At the 128-bit security level, a WHIR proof verification takes between 1.4ms to 700μs achieving a speedup of between 2600×-5300× against Brakedown, 535×-1100× against Ligero, 93×-186× against Greyhound, 108×-216× against Hyrax, 7×-14× against PST and 2.6×-5.2× against KZG.

As a hash-based multilinear PCS, WHIR compares favourably to BaseFold in (i) argument size (ii) verifier time (iii) verifier hashes.

Taking $d = 2^{24}$ and $\rho = 1/2$ as an example, at the 100-bit security level:

WHIR’s arguments are 101 KiB vs BaseFold’s 7.95 MiB (74× better).
WHIR’s verifier runs in 610μs vs BaseFold’s 24ms (39× better).

As a low-degree test, WHIR achieves best-in-class verifier time, while mantaining state-of-the-art argument size and verifier hash complexity. Taking $d = 2^{24}$ and $\rho = 1/2$ as an example, at the 128-bit security level:

WHIR’s arguments occupy 157 KiB vs STIR’s 160 KiB and FRI’s 306 KiB (1.95× better).
WHIR’s verifier perform 2.7k hashes vs STIR’s 2.6k and FRI’s 5.6k (2.1× better).
WHIR’s verifier runs in 1.0ms vs STIR’s 3.8ms and FRI’s 3.9ms (3.8× better).

Applications

We present a few applications that we believe WHIR is a natural candidate for.

Ethereum on chain verification

Currently, most onchain verification is done with Groth16 over a BN254 curve. The benefits of such verification is that the proof is constant size and verification is supposed to cheap, keeping both data availability (DA) costs and compute costs low.

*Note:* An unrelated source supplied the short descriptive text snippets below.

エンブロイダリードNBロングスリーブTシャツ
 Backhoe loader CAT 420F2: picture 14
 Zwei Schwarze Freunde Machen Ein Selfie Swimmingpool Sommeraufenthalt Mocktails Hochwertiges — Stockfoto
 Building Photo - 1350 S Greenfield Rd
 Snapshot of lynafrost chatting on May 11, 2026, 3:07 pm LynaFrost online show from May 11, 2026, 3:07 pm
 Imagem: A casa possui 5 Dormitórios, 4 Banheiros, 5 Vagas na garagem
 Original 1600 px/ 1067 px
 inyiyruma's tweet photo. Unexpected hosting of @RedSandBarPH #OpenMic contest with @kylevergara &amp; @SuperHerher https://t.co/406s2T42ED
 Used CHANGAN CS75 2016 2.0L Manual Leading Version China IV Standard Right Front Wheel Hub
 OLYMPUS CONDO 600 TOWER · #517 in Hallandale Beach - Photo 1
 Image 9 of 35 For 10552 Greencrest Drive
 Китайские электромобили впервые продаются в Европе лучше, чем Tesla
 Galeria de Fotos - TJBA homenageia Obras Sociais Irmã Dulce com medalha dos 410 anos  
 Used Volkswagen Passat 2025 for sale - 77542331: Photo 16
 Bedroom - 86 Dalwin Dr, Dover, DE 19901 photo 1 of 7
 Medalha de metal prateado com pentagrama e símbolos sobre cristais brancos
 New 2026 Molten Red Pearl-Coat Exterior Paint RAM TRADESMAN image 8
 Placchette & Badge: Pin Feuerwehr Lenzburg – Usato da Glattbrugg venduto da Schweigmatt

Currently, this verification costs ~280k gas . We believe that, WHIR can offer significantly competitive compute costs for onchain proof verification (and we are working on a Solidity verifier to confirm this thesis). A rough back-of-the-envelope calculation follows. On the compute side: a WHIR verifier for a polynomial of size $2^{24}$ and rate $1/2$ performs around 1.5k hashes (using 100-bits of security to compare with BN254). Assuming the hash used is Keccak, and that each of these hashes is for Merkle tree verification (and thus hashes together 64 bytes), each of these hashes costs 48 gas. Thus, the cost of hash-verification is around 96k gas. Estimating the cost of the field operations is harder, but they tend account for a much smaller portion of the verification costs (on native experiments) compared to the hashing. Increasing the rate to $1/16$ this cost can be reduced even further, to around 53k gas. On the data side, calldata is currently priced at 16 gas per non-zero byte. A WHIR proof for $2^{24}$ variables is between 101 KiB to 48 KiB, resulting in between 1.6m gas and 790k gas.
Overall then, the cost for a WHIR proof verification can be as low as 850k gas (while still using a not excessively small rate, this can be reduced further), all while not requiring a trusted setup and providing post-quantum security. Further, the cost can be ammortized by aggregation, which WHIR is also very suitable for (next).

Recursive verification

Due to the small number of hashes, WHIR’s verifier (as STIR’s was) is a natural candidate for recursion. Again, let’s do some back-of-the-envelope calculation. At the 128-bit security level, for a computation of size $2^{28}$, starting with rate $1/2$, WHIR’s recursive circuit performs $3.4$k hashes. Assuming both use Poseidon hashing and that each hash contributes ~400 R1CS constraints, the WHIR’s recursive circuit size is approximately of size $2^{20}$. Then, running WHIR with even a large rate is a negligible cost (compared to the initial computation), leading to a tiny final proof. For example, running a computation of that size with rate $1/32$ gives a 64KiB proof in less than 3s (on my M1 Macbook), that verifies in less that $350µ$s while performing only 800 hashes.

zkLogin

Various blockchains such as Sui and Aptos have new onboarding and login strategy which make heavy use of zero-knowledge proofs. Currently, taking Sui’s zkLogin as an example, the final circuit is around the size of a million of constraints and is currently proven by using a Groth16 proof system. WHIR could be used instead, reducing both proving time and verification time (which now is native!).

Bitcoin verification

There are efforts to bringing verification of STARKs on Bitcoin. In that setting, field operations are much expensive than hashing (say 5000-2500x). Since WHIR has both extremely small arithmetic and hashing complexity, WHIR’s verifier can significantly reduce the cost of verification on Bitcoin compared to FRI and STIR.

High-level overview

We first introduce constrained Reed–Solomon codes, then we describe the main protocol and sketch its complexity.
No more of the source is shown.